◆ **RECORDS TO PROCESS**
# # # # #
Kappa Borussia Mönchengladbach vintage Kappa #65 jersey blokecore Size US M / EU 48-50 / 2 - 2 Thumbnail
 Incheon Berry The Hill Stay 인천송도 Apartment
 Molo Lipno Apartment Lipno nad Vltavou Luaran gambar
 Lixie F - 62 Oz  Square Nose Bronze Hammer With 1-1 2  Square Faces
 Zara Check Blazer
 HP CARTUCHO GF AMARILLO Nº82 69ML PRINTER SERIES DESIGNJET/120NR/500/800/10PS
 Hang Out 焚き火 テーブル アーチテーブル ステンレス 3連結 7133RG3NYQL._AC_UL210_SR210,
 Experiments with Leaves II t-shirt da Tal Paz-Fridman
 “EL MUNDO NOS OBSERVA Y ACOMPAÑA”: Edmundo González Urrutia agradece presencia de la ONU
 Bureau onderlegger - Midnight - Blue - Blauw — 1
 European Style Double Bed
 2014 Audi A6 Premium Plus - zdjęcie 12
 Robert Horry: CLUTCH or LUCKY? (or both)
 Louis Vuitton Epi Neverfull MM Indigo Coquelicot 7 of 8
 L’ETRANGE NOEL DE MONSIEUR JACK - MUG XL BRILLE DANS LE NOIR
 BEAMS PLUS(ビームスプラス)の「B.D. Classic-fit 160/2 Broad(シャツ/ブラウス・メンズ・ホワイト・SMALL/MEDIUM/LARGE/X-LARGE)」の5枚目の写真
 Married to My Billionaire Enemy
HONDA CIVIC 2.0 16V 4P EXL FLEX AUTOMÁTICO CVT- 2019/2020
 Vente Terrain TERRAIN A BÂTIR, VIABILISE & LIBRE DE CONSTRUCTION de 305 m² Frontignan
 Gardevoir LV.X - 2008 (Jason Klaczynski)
# # # # #
◆ **WHAT IS NEEDED**
Nothing but the lines from the one containing "Vente Terrain TERRAIN" through the last line of the data above should be set down, word for word.

◆ **ANSWER TO THIS TASK**
 Vente Terrain TERRAIN A BÂTIR, VIABILISE & LIBRE DE CONSTRUCTION de 305 m² Frontignan
 Gardevoir LV.X - 2008 (Jason Klaczynski)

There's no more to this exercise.